Doing well on the DAT is a crucial step on the road to dentistry. If you’re preparing to take this test, there’s a huge challenge ahead but there’s always a light at the end of the tunnel. Materials can be quite expensive so I definitely recommend sharing what you can with someone else taking the test around the same time as you! Don’t buy materials too early as most of them only last about 3 months. Be prepared to invest a lot of time and money into this endeavor; the end result will certainly be well worth it!
Here’s a list of materials that can be shared! I highly recommend them! All of the sources that offer practice exams offer the first one for free!
If shared between two people, the cost is $230.50. The DAT Destroyer (ESSENTIAL!!) and Math
Destroyer (if you really need it) will bump the cost per person to about $380-430. These numbers can be even lower if you don’t want to take that many practice exams but while this seems expensive, it’s a lot less expensive than any review course that you would possibly sign up for!
Depending on if you like to take notes or read, there are some great resources out there from people who have already done a lot of the hard work.
1. Feralis Notes (BIO)
2. Tyjacobs Notes (BIO, GChem, OChem)
If you want even MORE material to practice with:
1. TopScore Pro ($60 for 3 tests)
2. Crack DAT PAT ($99+, lifetime)
Tips on the study materials:
1. Don’t be discouraged by practice scores; trust me when I say they don’t mean that much. Practice test scores are a good way to gauge your strengths and weaknesses as well as working on your timing; however, they do not guarantee that you’ll get a certain score. The DAT utilizes a test bank of thousands of questions so what is tested on a practice test doesn’t necessarily show up on your version of the DAT.
2. Focus on understanding the material; in the case of the DAT breadth is more important than
depth. The DAT can seem overwhelming because it covers so many topics but it’s more
important to cover as much of the curriculum as possible instead of staying fixated on a few
topics. Of course, comprehending and solving problems at a high level is important but it isn’t
everything when it comes to this test.
3. Set aside a large block of time to study: Personally, I didn’t want to deal with the DAT during the semester because that only adds to the stress that we already deal with as predent students.

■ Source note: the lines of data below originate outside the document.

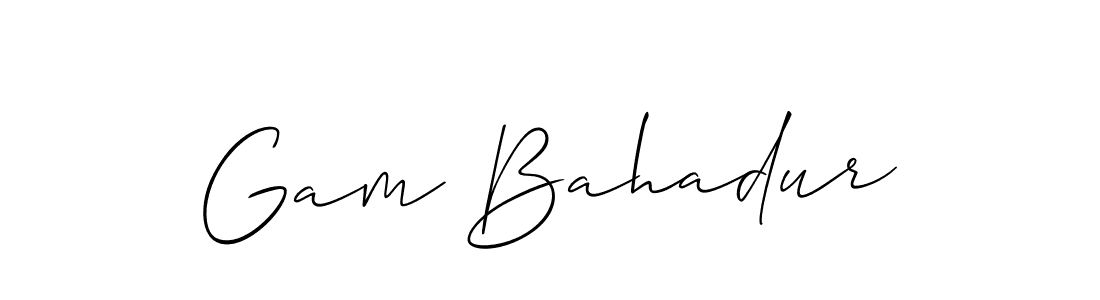 if you are searching for the best signature style for your name Gam Bahadur. so please give up your signature search. here we have designed multiple signature styles  using Allison_Script. Gam Bahadur signature style 2 images and pictures png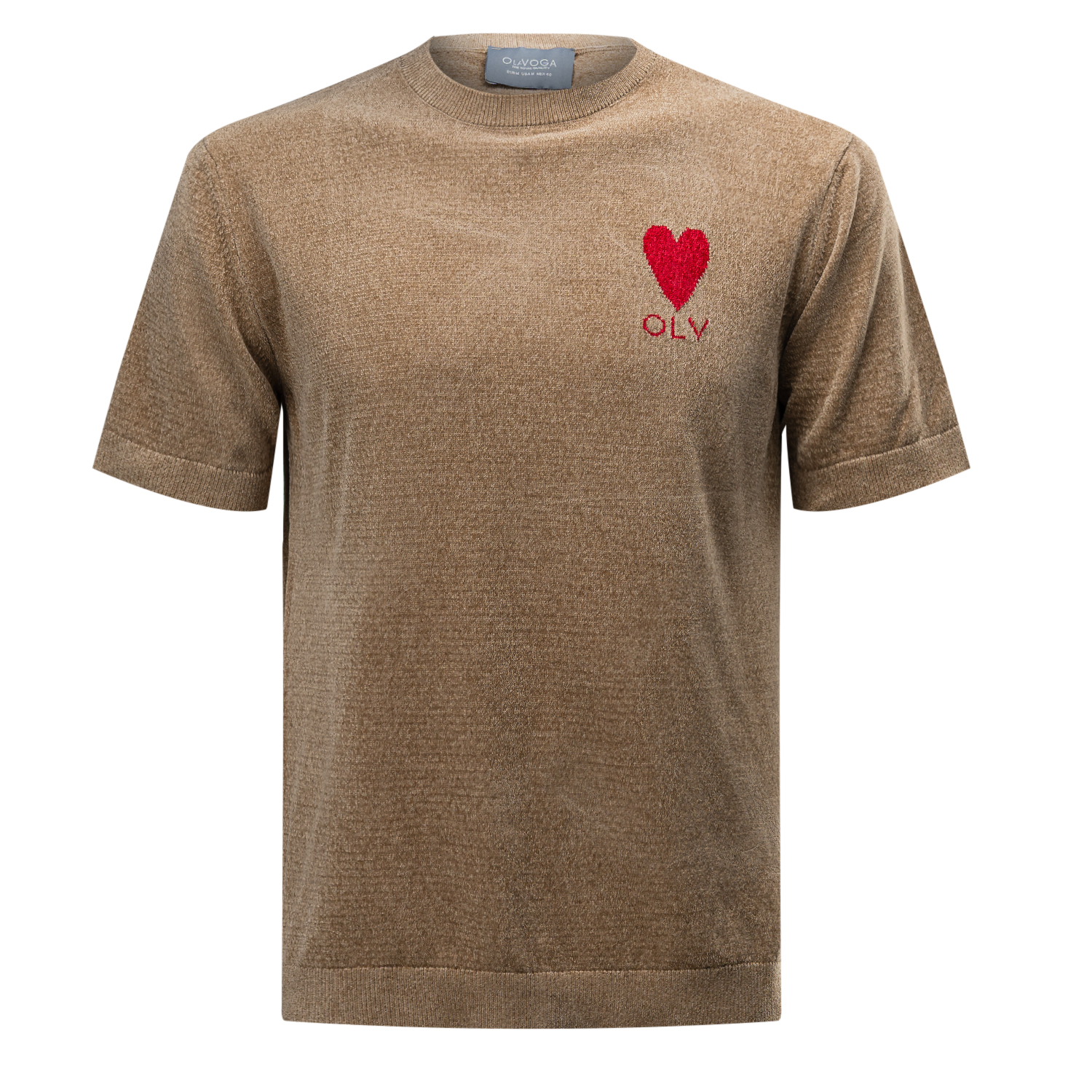 T-shirt męski dzianinowy LUV 2025 Beżowy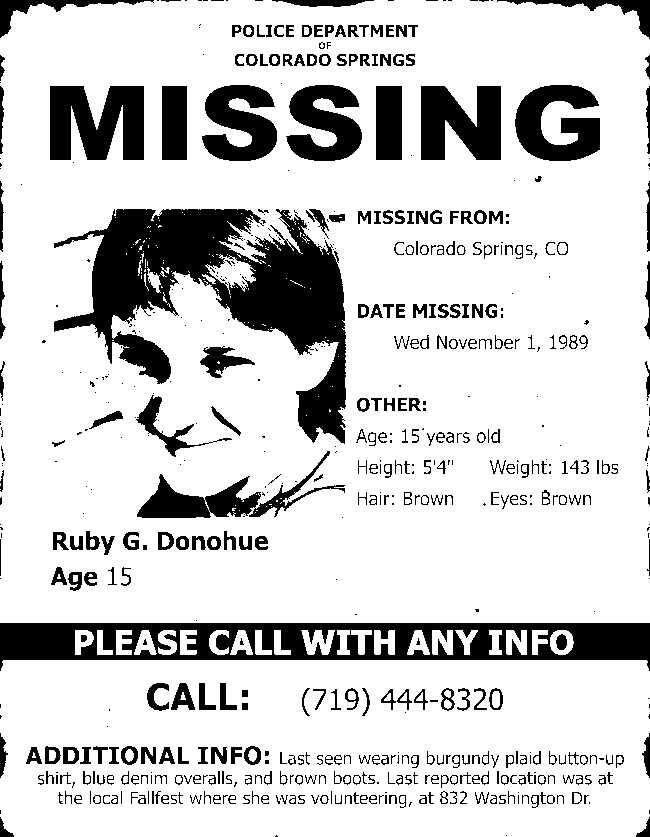 Ruby Donohue's missing poster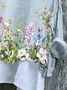 Women's Floral Long Sleeve Blouse_ Spring/Fall Printing V Neck Daily Casual Top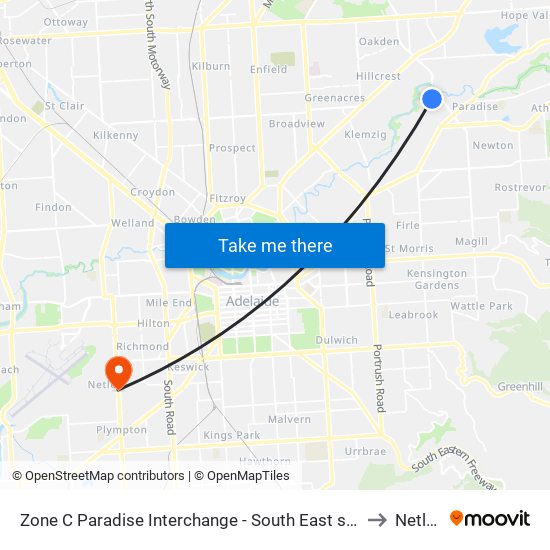 Zone C Paradise Interchange - South East side to Netley map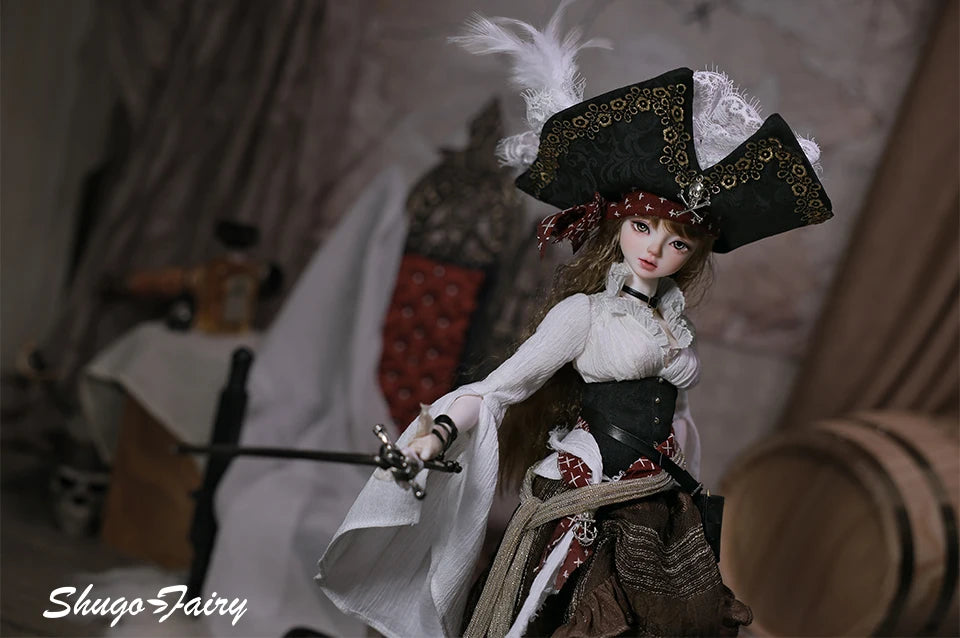 ShugaFairy Lynn Bjd Doll 1/4 Bariy Body  Middle Ages Sea Warrior Pirate Captain Moveable Joints Full Set FashionDoll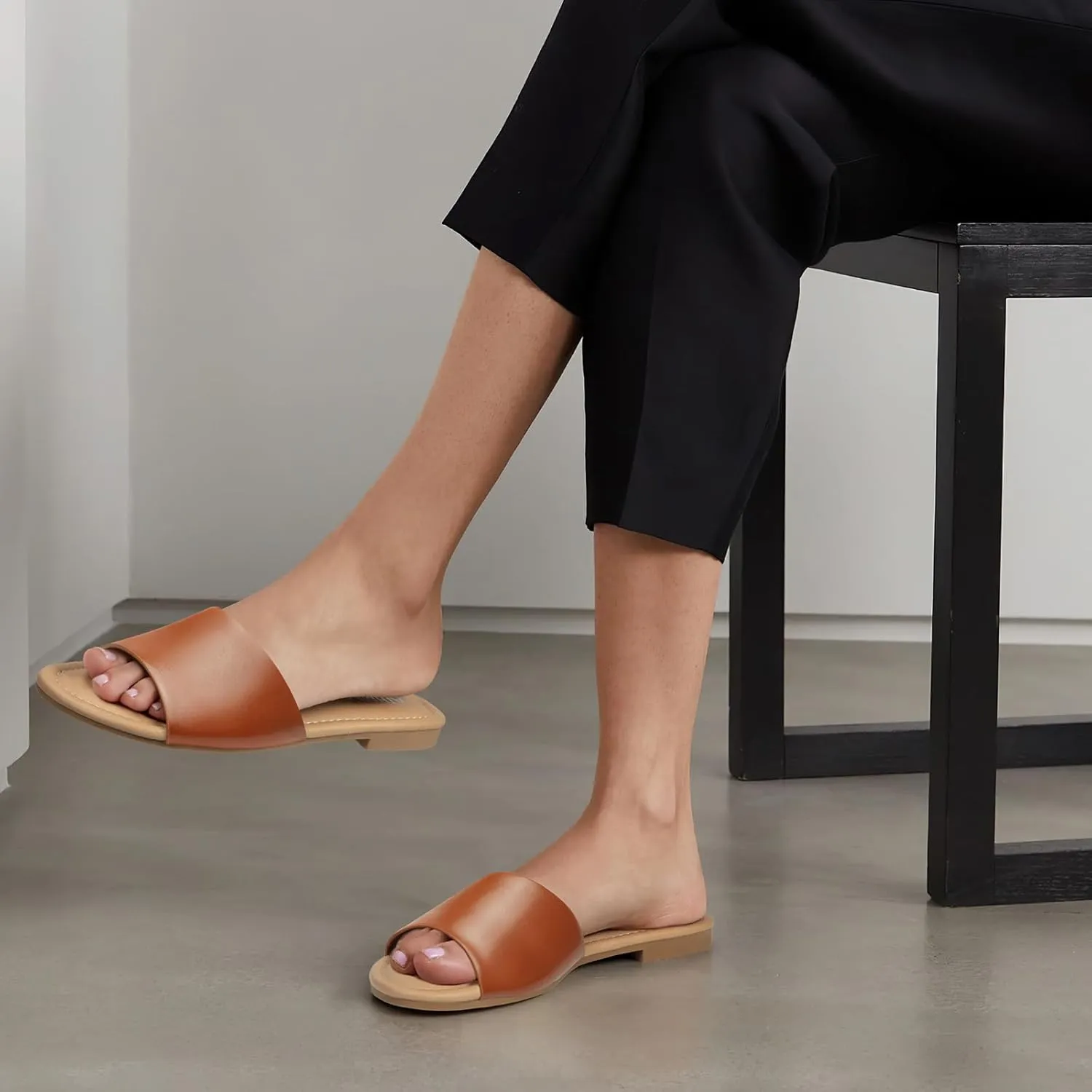 ATHMILE Sandals for Women 2025 One Band Womens Sandals Dressy Open Toe Flats Summer Slides for Casual Party Cute Beach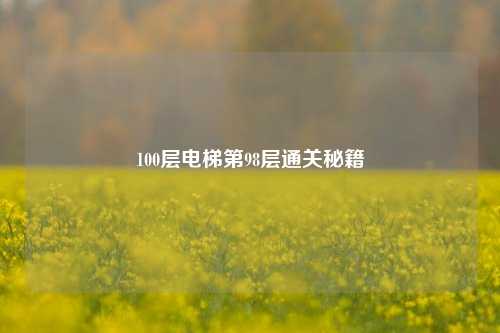 100层电梯第98层通关秘籍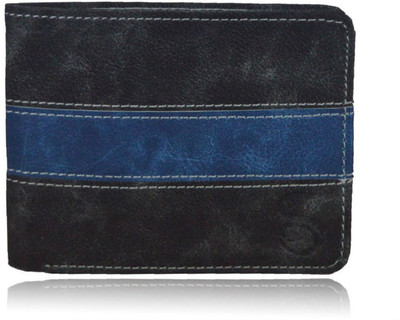 

Creative India Exports Men Casual Blue, Black Genuine Leather Wallet(4 Card Slots), Black;blue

Ideally, the end of winter or summer break is the best time to take this test.
4. Take practice tests in the most realistic situation possible. Set aside about 5 hours to take the test. Recently, the break after PAT has been extended to 30 minutes so that’s something that I think can help everyone taking the exam! Find a quiet area to work (using noise blocking headphones is an option), and try to use laminated boards and wet erase markers too! Refrain from drinking water during the test as you will not be allowed any food/snacks except during breaks. You can buy wet erase markers at any office supply store/online and you can laminate graph paper at Staples to simulate the boards you’d get on your test day! Doing this will help build up your stamina and prepare you for what you’ll face on test day!
If you’ve read this far, I’m sure you understand what to do and know what it takes to do well on the DAT! Always find a way to take breaks while you study otherwise you’ll just go bonkers from the stress and amount of work! When it comes to studying biology; BIO 201, 202 and 203 do cover a good amount of the material but be wary of topics such as developmental embryology and microbiology which can be tested on the DAT! For anyone who is preparing to take the DAT, I wish you the best of luck and hope that my advice has been helpful!